Corneal thickness, another important indicator of corneal health and changes in corneal endothelial function, becomes more important in determining the IOP and in planning for refractive surgery. In general, the cornea becomes edematous if the CECs decrease or loss of function. This study demonstrated that the CCT decreased with increasing age and this was similar to studies in Lithuania [17], Turkish [18], and Egyptian [20] populations (Table 4). The decrease CCT with aging may be due to the degenerative changes in corneal structures such as the thinning of corneal stroma, nerve, epithelium, or the CEC body which needs further study to investigate the answer.

This present study found that there was no correlation between CCT and the ECD after adjustment for age. Müller et al. investigated the ECD and corneal thickness in different areas of the cornea in elderly eyes using the confocal microscopy and corneal topography (Orbscan II). They found that ECD significantly correlated with CCT and corneal curvature [23].They suggested that in an older population, low ECD values would be expected in thinner and /or steeper cornea. Results from a population-based study in Japan, using the ultrasound pachymeter (USP) for evaluating the CCT in adult volunteers (age more than 40), found that CCT significantly correlated with ECD even though they suggested that the results may not be clinically significant (r = 0.071) [15]. Although the USP is a frequently used pachymeter, the main disadvantage of this device is the variation among examiners due to the inaccuracy of the probe alignment causing errors in measurement [25]. Our study showed that there was a significantly difference of CCT between the right and left eye, which might be caused by the measurement errors such as the eye’s misalignment. Previous studies found that CCT varies over the day (circadian CCT) as the cornea is thicker in the morning and gradually become thinner. This may reflect the change in corneal metabolism occurring during the night with the increase lactate and corneal swelling. To reduce this error, CCT and ECD should be measured at the same time of the day [26, 27]. In addition, the CCT measurement may be affected if performs after applanation tonometry, even though previous study found no significant influence [28]. Nevertheless, the difference in CCT between eyes found in this study (10 μm) may not be clinically significant.
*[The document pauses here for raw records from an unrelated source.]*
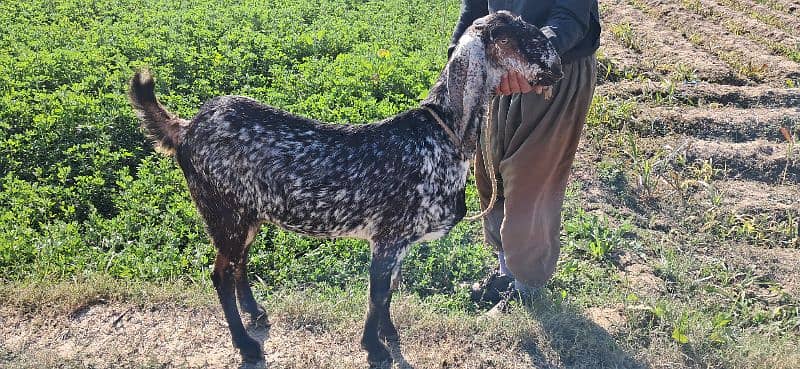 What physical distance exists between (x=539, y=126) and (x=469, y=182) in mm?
2370

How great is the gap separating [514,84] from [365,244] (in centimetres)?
230

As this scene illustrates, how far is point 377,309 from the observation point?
431 centimetres

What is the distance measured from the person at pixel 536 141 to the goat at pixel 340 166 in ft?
1.16

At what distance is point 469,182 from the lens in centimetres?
687

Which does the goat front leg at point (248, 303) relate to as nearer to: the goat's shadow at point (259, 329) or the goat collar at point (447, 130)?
the goat's shadow at point (259, 329)

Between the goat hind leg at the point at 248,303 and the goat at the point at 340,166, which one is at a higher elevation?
the goat at the point at 340,166

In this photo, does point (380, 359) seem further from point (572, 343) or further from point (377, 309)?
point (572, 343)

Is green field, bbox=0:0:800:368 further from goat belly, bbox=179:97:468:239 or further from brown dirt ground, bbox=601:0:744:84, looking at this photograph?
goat belly, bbox=179:97:468:239

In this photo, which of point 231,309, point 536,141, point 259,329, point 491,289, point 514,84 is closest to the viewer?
point 514,84

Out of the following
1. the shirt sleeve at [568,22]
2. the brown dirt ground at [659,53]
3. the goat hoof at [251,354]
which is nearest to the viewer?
the shirt sleeve at [568,22]

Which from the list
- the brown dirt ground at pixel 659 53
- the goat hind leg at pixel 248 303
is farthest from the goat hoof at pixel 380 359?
the brown dirt ground at pixel 659 53

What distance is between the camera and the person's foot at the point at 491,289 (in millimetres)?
5367

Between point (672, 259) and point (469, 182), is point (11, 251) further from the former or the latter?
point (672, 259)

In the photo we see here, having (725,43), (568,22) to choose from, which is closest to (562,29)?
(568,22) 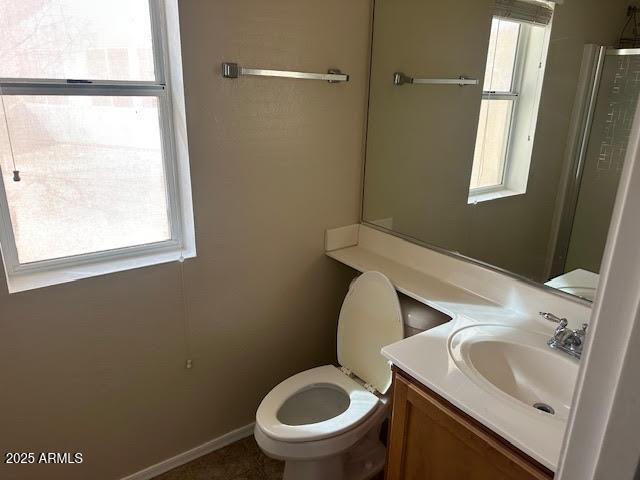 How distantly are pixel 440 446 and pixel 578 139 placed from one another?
3.50ft

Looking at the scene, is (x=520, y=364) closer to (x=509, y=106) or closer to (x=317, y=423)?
(x=317, y=423)

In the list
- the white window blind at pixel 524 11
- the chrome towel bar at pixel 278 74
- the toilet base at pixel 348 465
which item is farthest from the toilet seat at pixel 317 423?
the white window blind at pixel 524 11

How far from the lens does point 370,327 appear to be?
1.83m

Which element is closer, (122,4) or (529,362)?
(529,362)

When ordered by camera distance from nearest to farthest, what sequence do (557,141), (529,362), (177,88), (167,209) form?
(529,362) → (557,141) → (177,88) → (167,209)

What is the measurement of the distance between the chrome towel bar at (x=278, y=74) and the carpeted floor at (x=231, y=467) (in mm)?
1664

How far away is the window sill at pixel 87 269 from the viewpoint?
1482 millimetres

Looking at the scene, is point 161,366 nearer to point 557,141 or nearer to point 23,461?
point 23,461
This study used the non-contact specular microscopy that could assess both the corneal endothelial morphology and the central corneal thickness. This non-contact device has advantages of reducing the risk of corneal epithelial injury, transmission of infection, artifacts resulting from corneal manipulation and also providing comfort for the volunteers. However, there were some limitations of this study. First; the ECD in different areas of the cornea were not investigated as well as the relationship of corneal ECD and other parameters such as corneal diameter and curvature, axial length, anterior chamber depth, and refractive errors. Second; this study may be confounded by mild degree and asymptomatic dry eye subjects. As previous study found that corneal ECD significantly decreased in dry eye patients and correlated with clinical severity [6]. The possible mechanisms for endothelial cell loss supposed to be due to the reduced corneal nerve and the associated inflammation in dry eye disease [6, 29]. Nonetheless, the authors noted that ECD might not be affected in mild cases of dry eye which are commonly encountered in clinical practice [6].Third; this study did not adjust the effect of IOP on CCT. Last; there may be some other potential confounding factors such as smoking or nutrition. Therefore, further prospective longitudinal studies are required to evaluate their effects on the change of corneal endothelial cells with aging.

Conclusion

This study on corneal endothelial morphology in the Thai population showed that central corneal thickness, endothelial cell density, and hexagonality were significantly decreased, while cell size and cell variation were increased with aging. The central corneal thickness did not correlate with the endothelial cell density. Ultimately, the results of this study can be used as normative data for further studies.